By the afternoon of the fourth day, Garth and I were finally prepared to stop the reaping of the aesthetic but useless flowers and begin sowing the vegetables and fruits we could live on. When Mrs. Karvel came by with our daily rations (Stove Top stuffing mix, Sylvia’s canned collard greens, and Spam) Garth made a point to show her our progress before she scuttled away as usual, making the request for the seeds we would need for the next stage in our victory garden. Mrs. Karvel seemed perpetually stressed, rarely out of motion any time I saw her. Standing still for a moment, without food or an emptied plate or a feather duster in hand, seemed almost a painful act for her.
“You gonna have to make that patch bigger, ain’t you?” she said, looking out at the rows of rich, dark earth we had uncovered.
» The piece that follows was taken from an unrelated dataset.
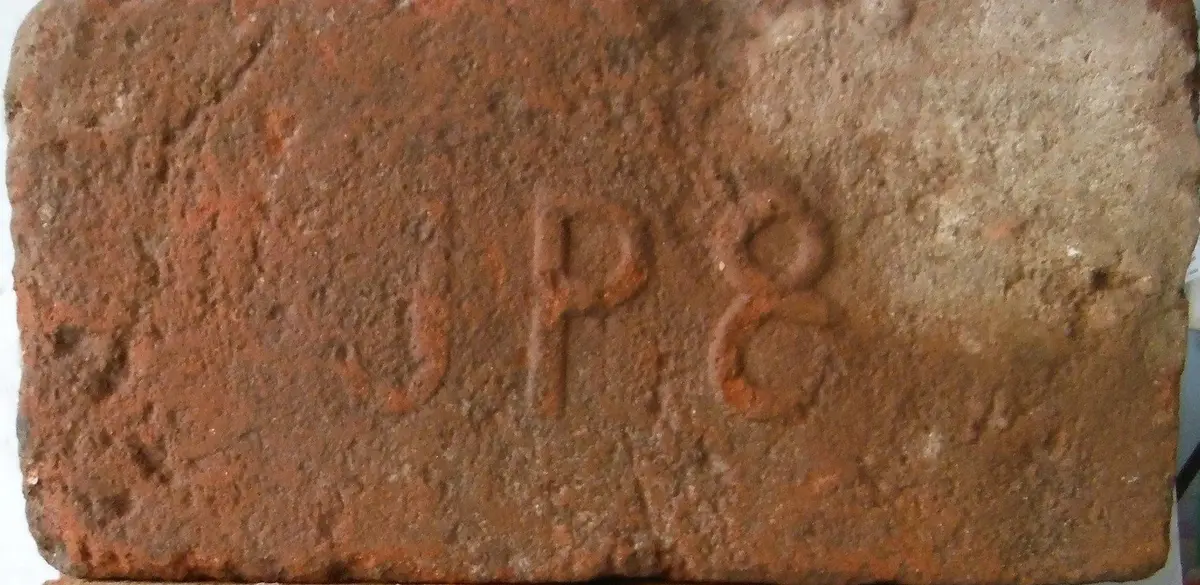J P 8 – fotografie 1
This comment came to me as a surprise, because I thought if anything we’d perhaps been overzealous.
“You want it bigger?” I muttered aloud, more out of shock than as an actual question.
“Honey, we ain’t got enough food to feed you. A few months, tops, but it ain’t like the cans in storage are breeding new ones,” she told us, leaning forward and dropping her voice as if her husband might hear us, as far away as he was. “This is the deal. Either you guys got to figure out a way to grow us all some new food or you tell me how the hell we can get out of this goddamn fish-bowl.”
* The culinary term “Welsh rabbit,” is of course a joke. A very old one as jokes go, dating back to the early eighteenth century. The joke, English in origin, was that the Welsh were either too poor or too stupid or too generally pathetic to have actual meat on their plates, so cheese grilled on toast was their delusional equivalent. The other version of this title, “Welsh rarebit,” is in fact a degradation of the original, a mishearing that was later adopted as a less offensive alternative. To little avail. In fact, the English so derided their neighbors to the west of the isle that in their language the very word Welsh became synonymous with substandard or imitation goods.